The prostitution business in Japan, already set by the Edo period, only grew during industrialization. In fact, it itself became almost a national industry, sponsored by institutions such as the local owners themselves but also the growing army and the government. The vast majority of traffic involved of course girls from poor and destitute rural communities. While the geisha [芸者] inhabiting the famous red district of Kyoto and other places often led miserable lifes and were regularly mistreaten, they along with the oiran [花魁] constituted the cusp of the pyramid of brothel trade; millions of women were on the bottom. As it was the case in tea houses, girls were often sold at the age of 6 or 9 years onward, to funge as kamuro [禿] or downright child servants, at the service of particular geisha or the owner himself. While they were not supposet to 'take clients' -prostitute themselves- until age of 13, their life as unpaid servant -again, sold under a debt contracted by the 'advance payment' of her family- was pretty bleak also. Most faced their plight until the end of their lifes: once sold into prostitution, the heavy social condemnation reduced them to actual outcastes, in most cases excluding them from any other kind of ocupation whatsoever. Most males did not see them as actual human beings, in fact. The fact that many of them were sold without any part on it (in fact, a lot of these children and their families were willfully deceived by the broker) did not cross the mind of both owners and clients, who only saw them as greedy young girls, who should even be punished; their beatings and murder at the hands of dealers was barely prosecuted by the government. Moreover, Japanese expansionism in Asia carried the custom with it, and girls trafficked out of Japan, or Karayuki-san (唐行きさん) faced the worst of destinies, most of them ever unable to return and completely at the will of their owners and the locals, whose language they completely ignored. But perhaps the most insidious aspect of brother trafficking was its hypocrisy, and its justification by better-off people.

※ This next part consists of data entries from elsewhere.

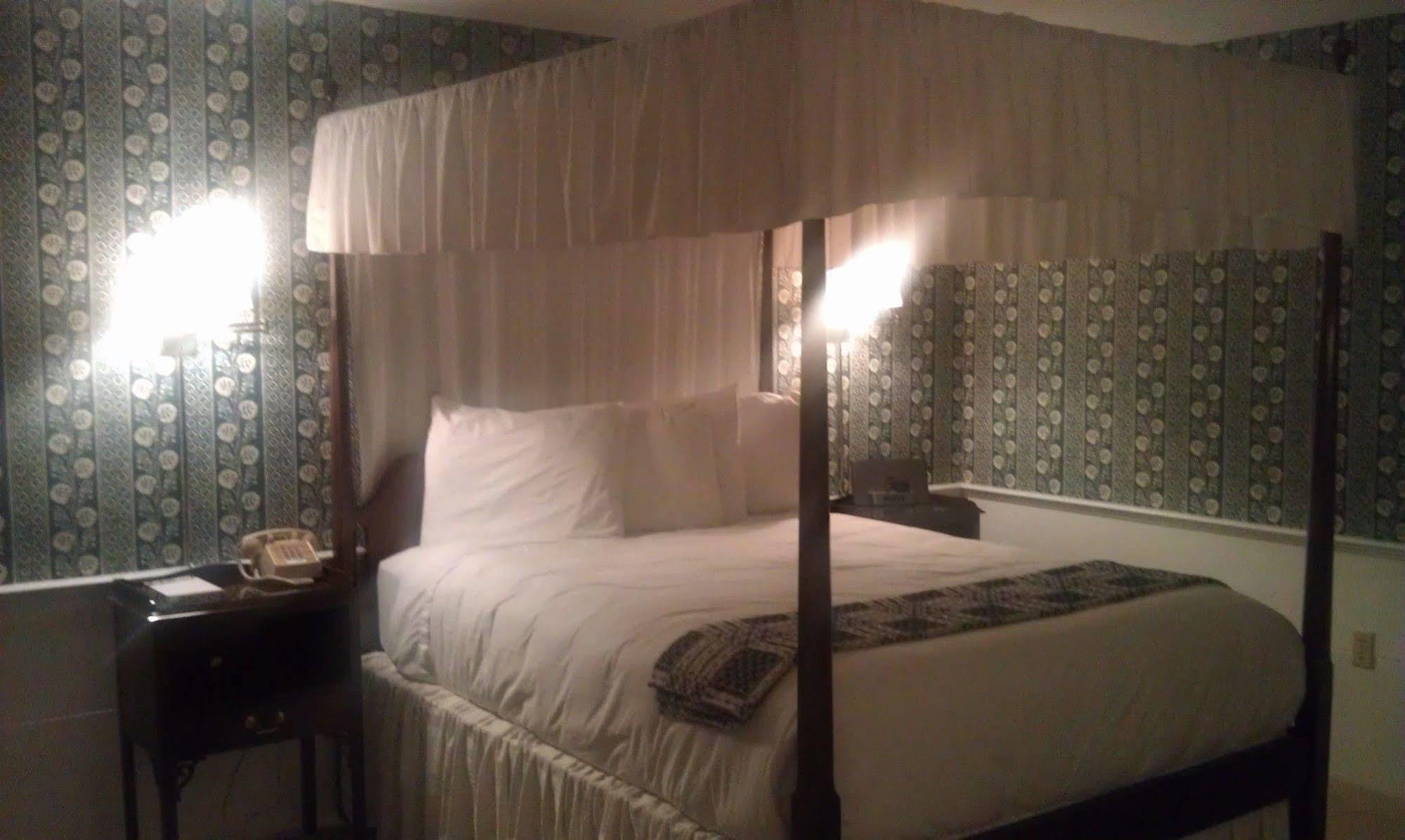 Old Sturbridge Inn & Reeder Family Lodges מראה חיצוני תמונה
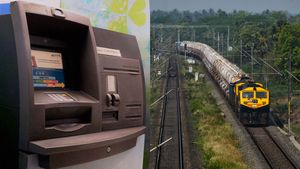 യാത്രയിൽ കൈയിൽ കരുതിയ പൈസ തീർന്നോ? വിഷമിക്കേണ്ട, ട്രെയിനില്‍ ATM സ്ഥാപിച്ച് ഇന്ത്യൻ റെയിൽവേ
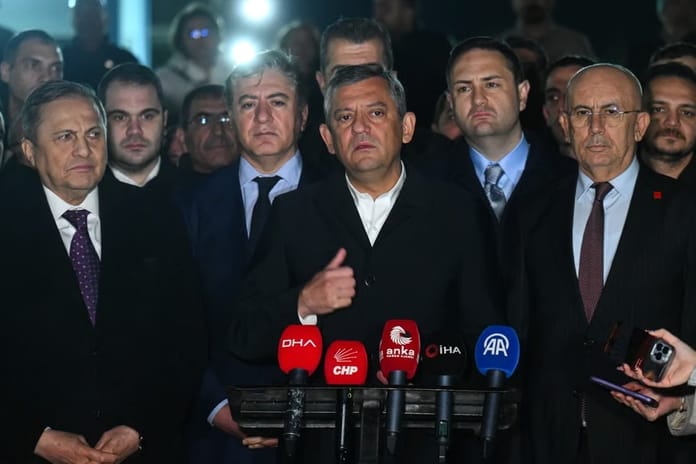 Özgür Özel'den zincir marketlere 'boykot' tehdidi: Üç harflileri pişman edeceğim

To justify this practise, the society played up the sacrifice of the daughters as an exemplary manifestation of filial piety. The ethos of the society conditioned the girls into believing that it was their duty as daughters to become prostitutes to aid their families. National political leaders did nothing to change this situation.
Of course, this conveniently virtuous argument was useful to disuade clients, 'merchants', and mainly army officials of the goodness of the status-quo. Only quite small organizations such as the Salvation Army or familiars of these girls (and many conscripted low-rank soldiers did share origins with them) protested at all the brothel system. And of course, the least convinced by such words were the girls themselves. Mikiso Hane brings many testimonies such as this one:
I must make known to the public that we are living like animals with only the veneer of human beings. In reality we are cut off from the world of humanity. We would like to ask out fellow women to think seriously about the reality of a Japan where such a system of public brothels is recognized and protected by law (...) We who are weak and frail are deprived of all our rights and are forced to sell our flesh and make indescribable sacrifices. How do you think the owners treat us? They are like bloodsuckers who drive many of us to death (...) When will the day come when people like me, who are engaged in such a shameful profession, dissapear from the world? I wish to escape from this miserable, shameful abyss as soon as possible and join the community of normal human beings.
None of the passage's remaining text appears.